MySQL – Updating Large Data Set with Time Aggregation

mysql-5.7queryquery-performanceupdate

I am having a large MySQL (5.7) table with millions of rows (contains data for each second). Based on these values calculations should be performed, in some cases for large data ranges. Therefore, I want to perform a preprocessing where I perform the calculations beforehand and store the result in a separate table. Due to some internal reasons, aggregations are performed so, for example, I need the avaerage value of the formula for one hour. Here is an example:

CREATE TABLE `datavalues` (
    `id` BIGINT(20) NOT NULL AUTO_INCREMENT,
    `ddate` DATE NOT NULL,
    `ttime` TIME NOT NULL,
    `unixtime` BIGINT(20) NOT NULL,
    `value1` DOUBLE,
    `value2` DOUBLE,
    PRIMARY KEY (`id`),
    INDEX `unixtime_idx` (`unixtime`) 
);
CREATE TABLE `calculation_result` (
    `id` BIGINT(20) NOT NULL AUTO_INCREMENT,
    `ddate` DATE NOT NULL,
    `ttime` TIME NOT NULL,
    `unixtime` BIGINT(20) NOT NULL,
    `result1` DOUBLE,
    PRIMARY KEY (`id`),
    INDEX `unixtime_idx` (`unixtime`) 
);

As an exemplary calculation I calculate value1-value2. The initial data query for filling the calculation table with one value for each hour could look like this:

INSERT INTO calculation_result (ddate, ttime, unixtime, result1)
select max(ddate), STR_TO_DATE(TIME_FORMAT(max(ttime),'%H:00:00'),'%H:%i:%s'), 
UNIX_TIMESTAMP(adddate(max(ddate), INTERVAL HOUR(max(ttime)) HOUR)), AVG(value1 - value2)
FROM datavalues GROUP BY ddate, hour(ttime);

So far so good. However, I am struggling to implement a query for updating the result1 column in the calculation_result table in case the calculation description changes, for example, from value1 – value2 to value1 + value2. How can I efficiently update the result1 column? Deleting and recreating the calculation table is not an option as it contains a lot of further calculations in different columns.
Additionally, I expect the updating process to take some time. As data is newly imported on a regular basis, how can I prevent the calculation_result table to be locked? Maybe using bulk updates of data chunks?
Thanks for your help.

Best Answer

An UPDATE can be done by Joining the SELECT that you have, only you need some aliases for the columns.

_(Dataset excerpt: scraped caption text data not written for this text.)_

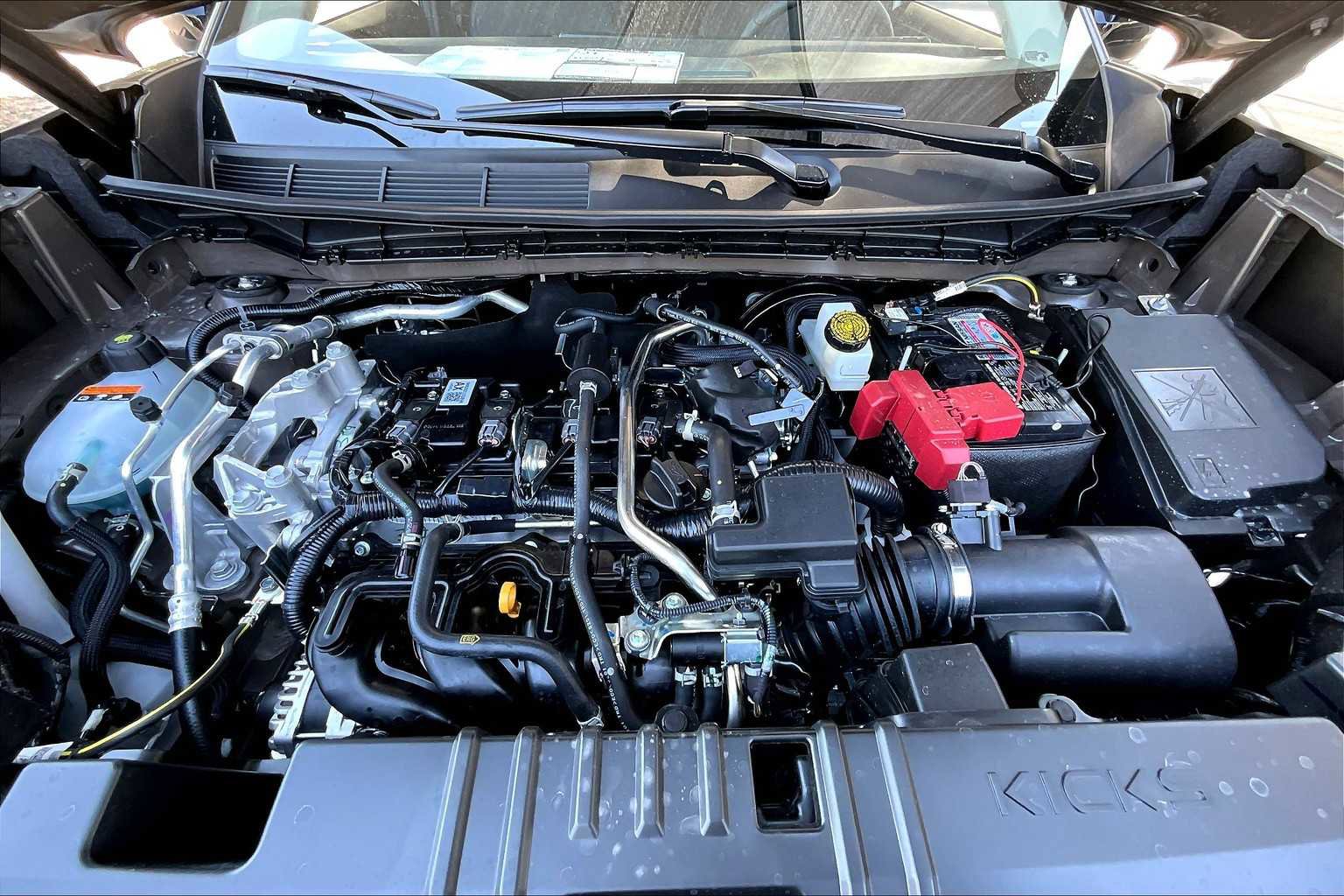 New 2026 Nissan Kicks SR image 16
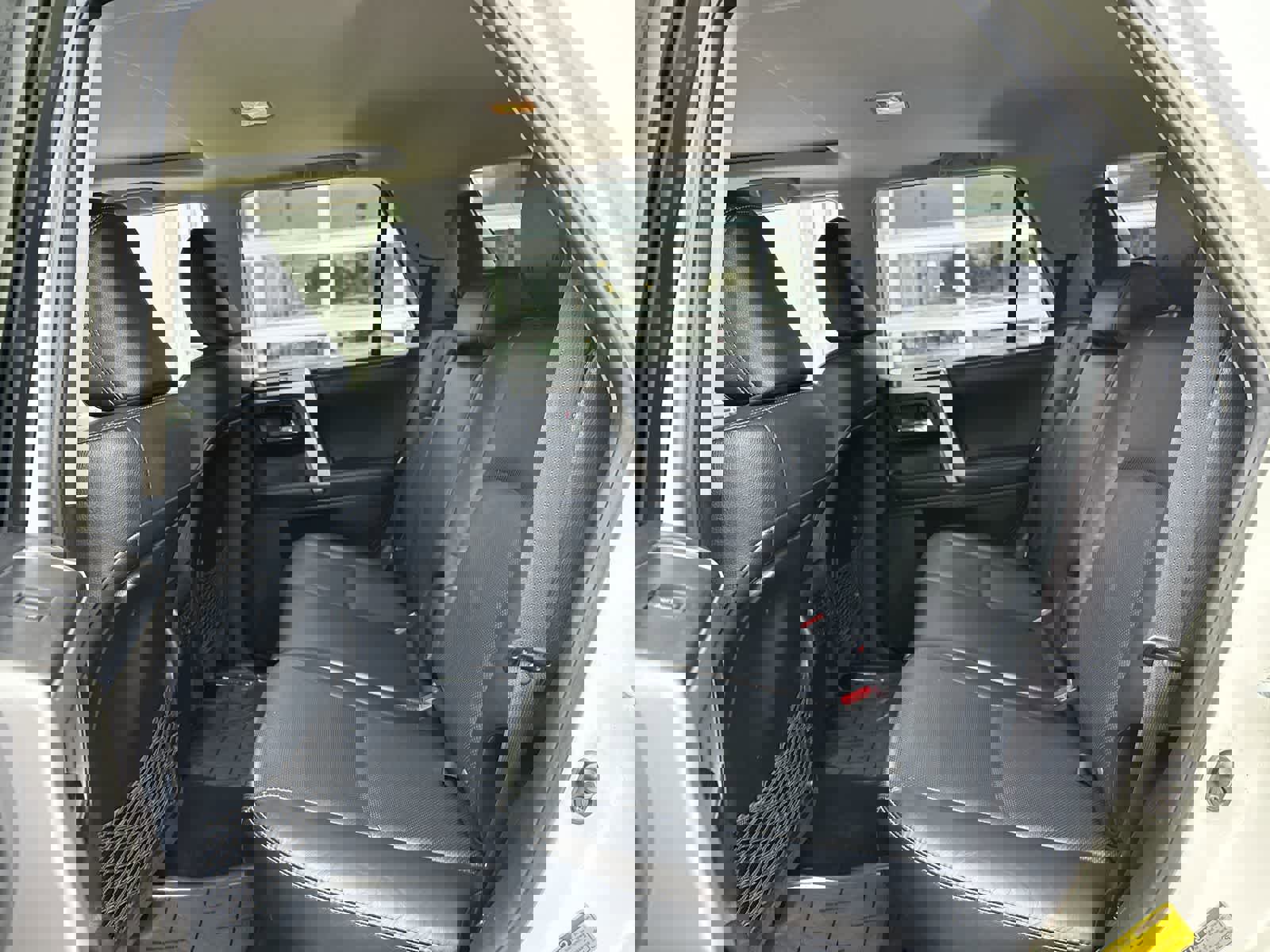 Used 2015 Toyota 4Runner Limited AWD/4WD image 8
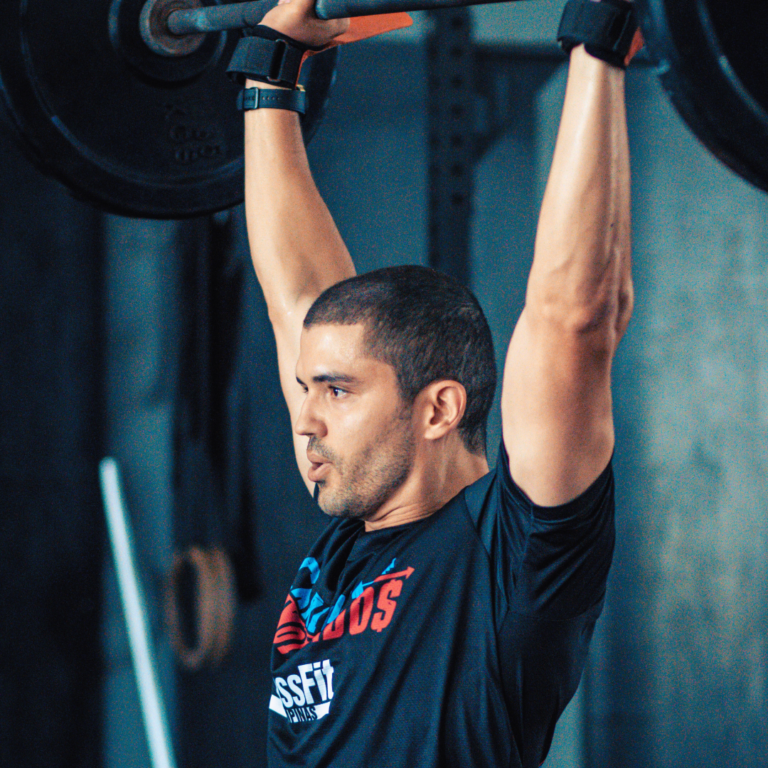 O Open é a maior competição online do mundo. É o primeiro passo para ir aos CrossFit Games e quem sabe ser coroado “Fittest Man” ou “Fittest Woman” do mundo.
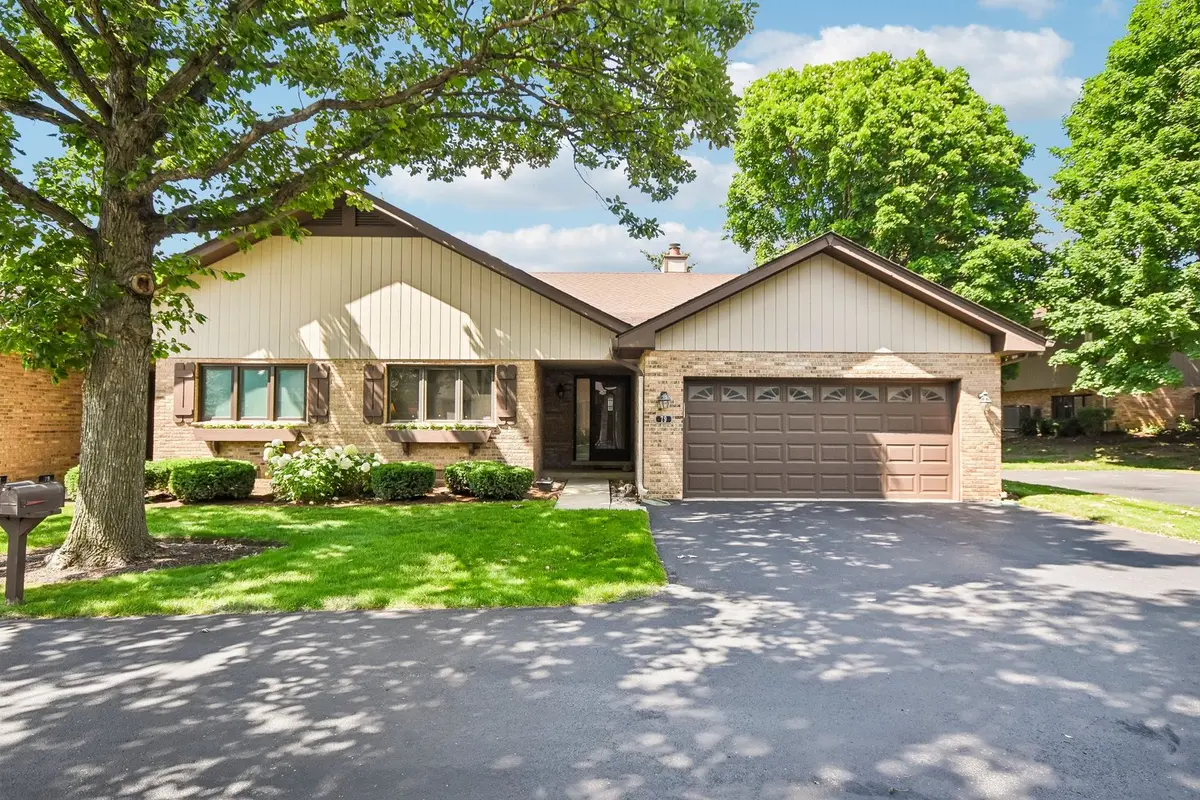 79 Castle Rock LN, Bloomingdale, IL 60108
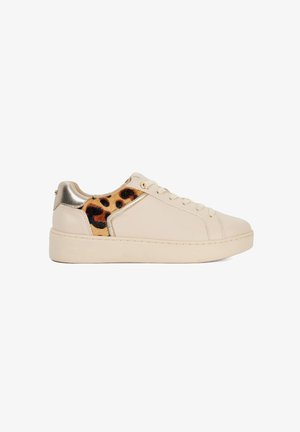 Beige leren sneaker met metallic gouden accenten en een luipaardprint textuurpaneel. Ronde neus en platte rubberen zool. Veters en minimale stiksels.
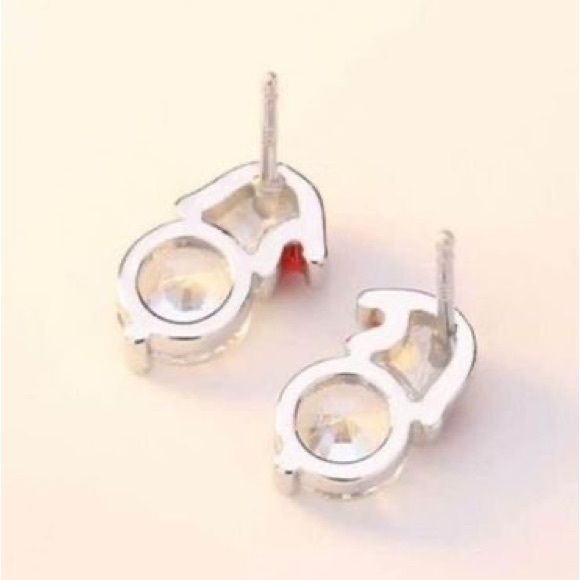 Absolutely Beautiful Christmas Set Stud Earrings 2 Pairs - Picture 8 of 10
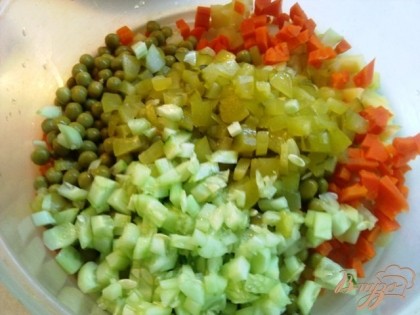 В глубокую миску добавляем порезанные овощи.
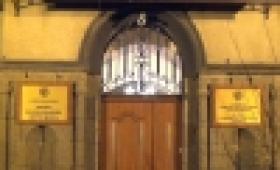 Բռնվեց գումարը խարդախությամբ հափշտակելու պահին Բռնվեց գումարը խարդախությամբ հափշտակելու պահին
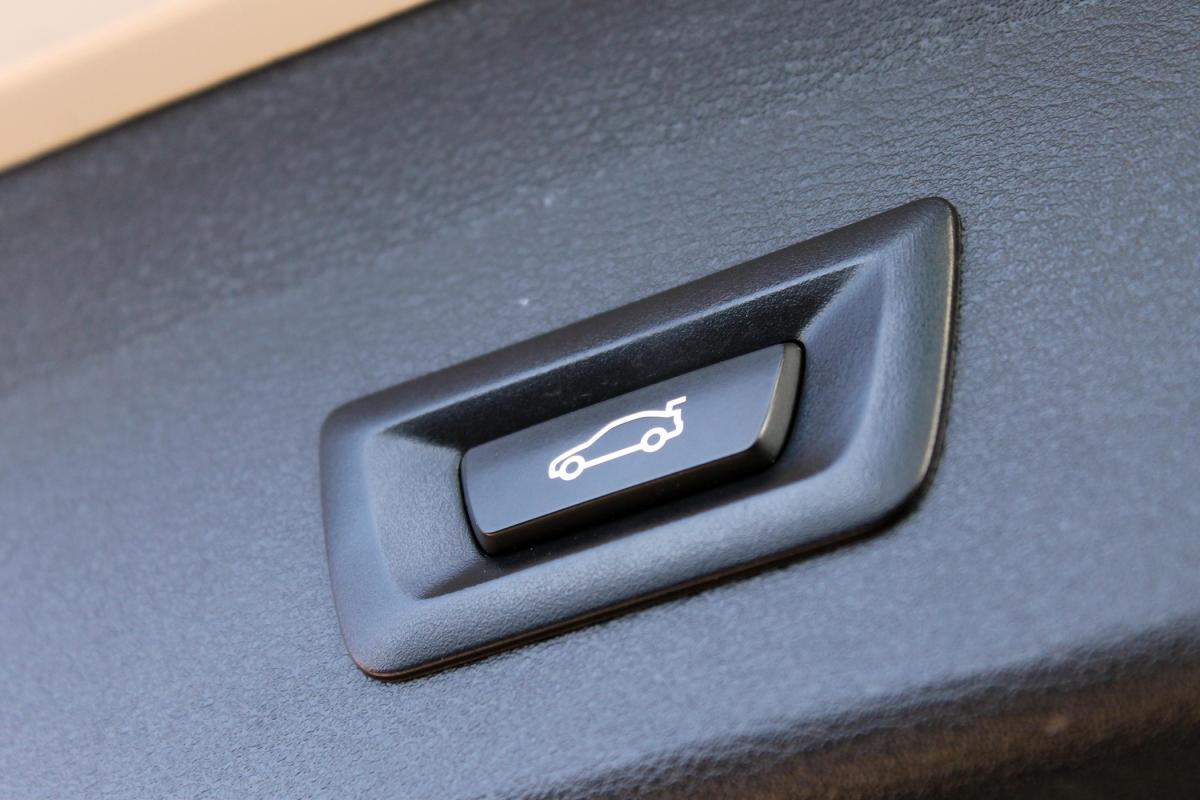 bmw-x1-2019-diesel-1496cc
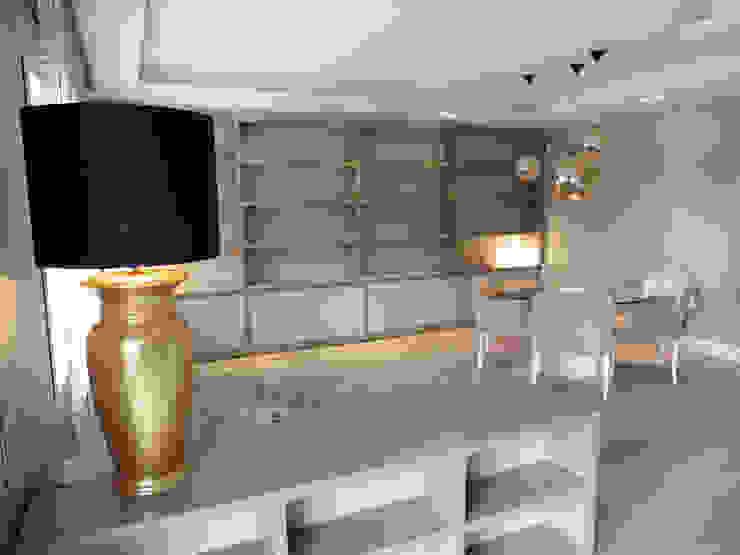 LF24 Arquitectura Interiorismo ห้องนั่งเล่นชั้นวางของ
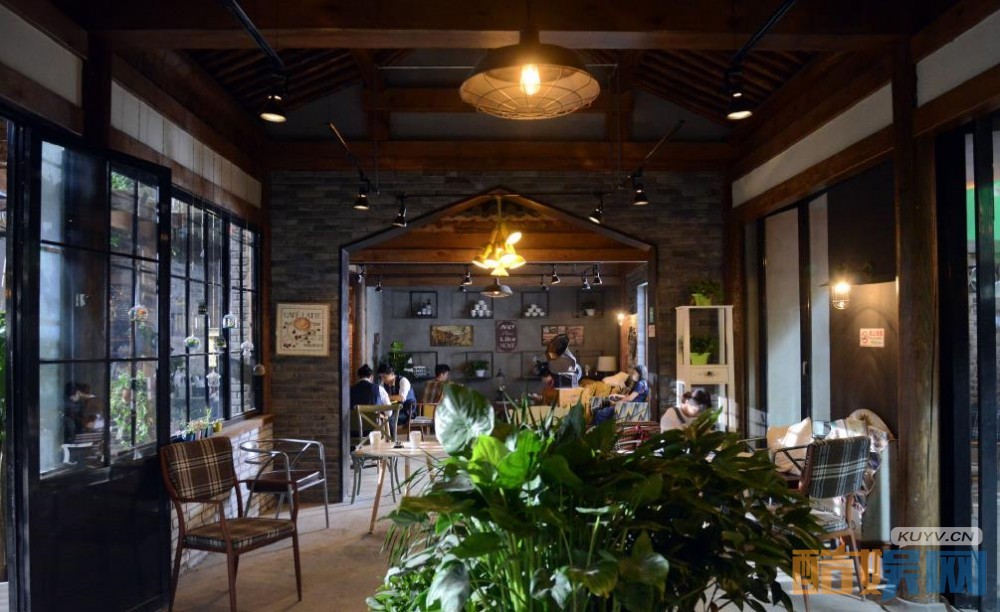 《王子咖啡店》片场照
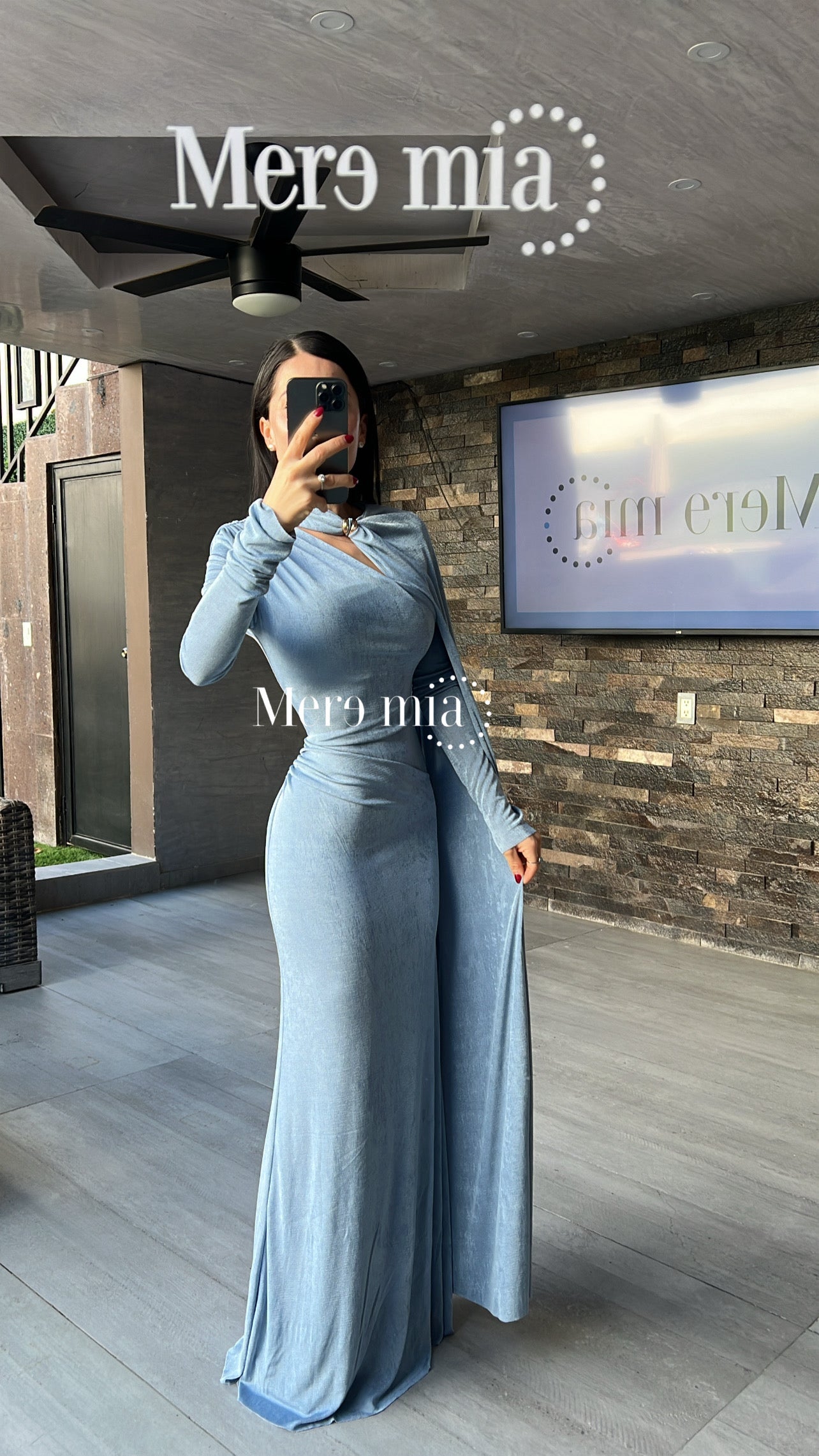 Vestido plisado capa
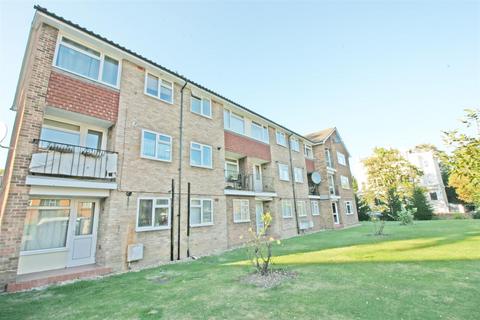 2 bedroom apartment for sale, Montpellier Court, St. Leonards Road, Windsor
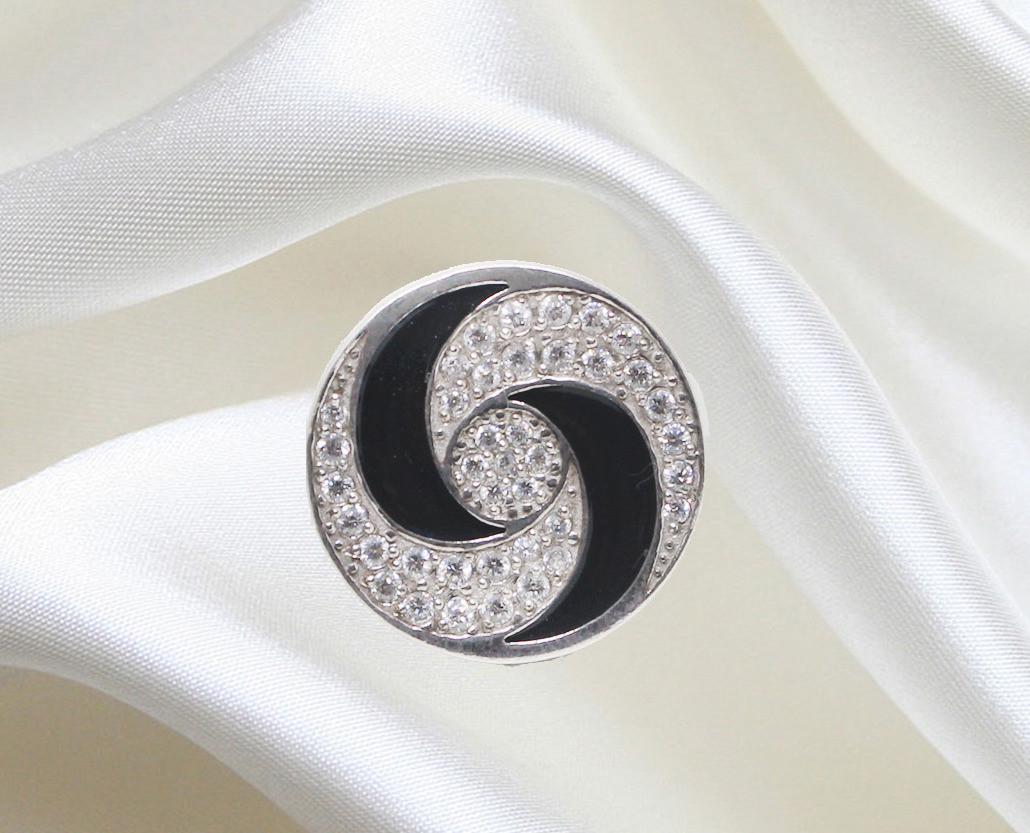 Кольцо серебряное с кубическим цирконием р. 18 6,9 г (1063508752) Кольцо серебряное с кубическим цирконием р. 18 6,9 г (1063508752)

The logic isd simple you can join both tables with the ddate and the time which is for example always 01:00:00 as You group by data and hour

UPDATE calculation_result cr
        INNER JOIN
    (SELECT 
        MAX(ddate) ddate,
            STR_TO_DATE(TIME_FORMAT(MAX(ttime), '%H:00:00'), '%H:%i:%s') AS ttime,
            UNIX_TIMESTAMP(ADDDATE(MAX(ddate), INTERVAL HOUR(MAX(ttime)) HOUR)) unixtime,
            AVG(value1 - value2) avgresult
    FROM
        datavalues
    GROUP BY ddate , HOUR(ttime)) t1 ON cr.ddate = t1.ddate
        AND cr.ttime = t1.ttime 
SET 
    cr.result1 = t1.result1 ,cr.unixtime = t1.unixtime